John D. Justice was released from prison in 2005 after serving 20 years for killing his parents, his brother and a neighbor.
Now he wants a judge to send him back.
State Supreme Court Justice Russell P. Buscaglia is scheduled today to consider Justice's personally drafted motion seeking release from the Erie County Holding Center and a return to state prison.
Justice, who has been in the holding center since he allegedly threatened workers at a halfway house last year, apparently wants to serve the eight years left on his 30-year prison sentence and be free of state parole constraints.
In his motion, Justice, 39, claims that his continued detention in the holding center is "illegal and unconstitutional."

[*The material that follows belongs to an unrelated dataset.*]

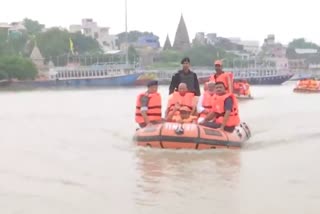 uttar-pradesh-cm-yogi-adityanath-inspects-flood-affected-areas-in-varanasi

In 1992, Justice was convicted by a jury of first- and second-degree manslaughter in the Sept. 16, 1985, deaths of his mother, Mary, 37, and a neighbor, Wayne Haun, 22. Six years earlier, another Erie County Court jury had convicted him of second-degree murder in those deaths but found him innocent of murder by reason of insanity for killing his father, John W., 37, and brother, Mark, 13.
According to law enforcement sources, Justice, a Kenmore West High School honors student, had apparently become enraged and blamed his mother for refusing to finance his college studies at an expensive school.
After stabbing his family members to death in a two-hour rampage in the family's Mang Avenue home, Justice caused the death of Haun in a two-car crash on Military Road as he drove his parents' car at a speed of more than 80 mph.
Following years of court fights, he was paroled in September 2005 to Grace House on Bailey Avenue, a halfway house where he had been sent for a year of post-prison mental and anger management counseling.
State parole officers took Justice into custody Aug. 7 after he allegedly threatened staff members at Grace House.
Law enforcement sources said Justice told officials he made the threats because he wanted to be arrested and sent back to prison so he could complete his prison term and be free totally from state control.
He also told officials in August that be believed the counseling he had been getting was a waste of time, the sources said.
Buscaglia declined to comment on today's scheduled court session, but law enforcement sources said the judge will likely appoint an attorney to represent Justice.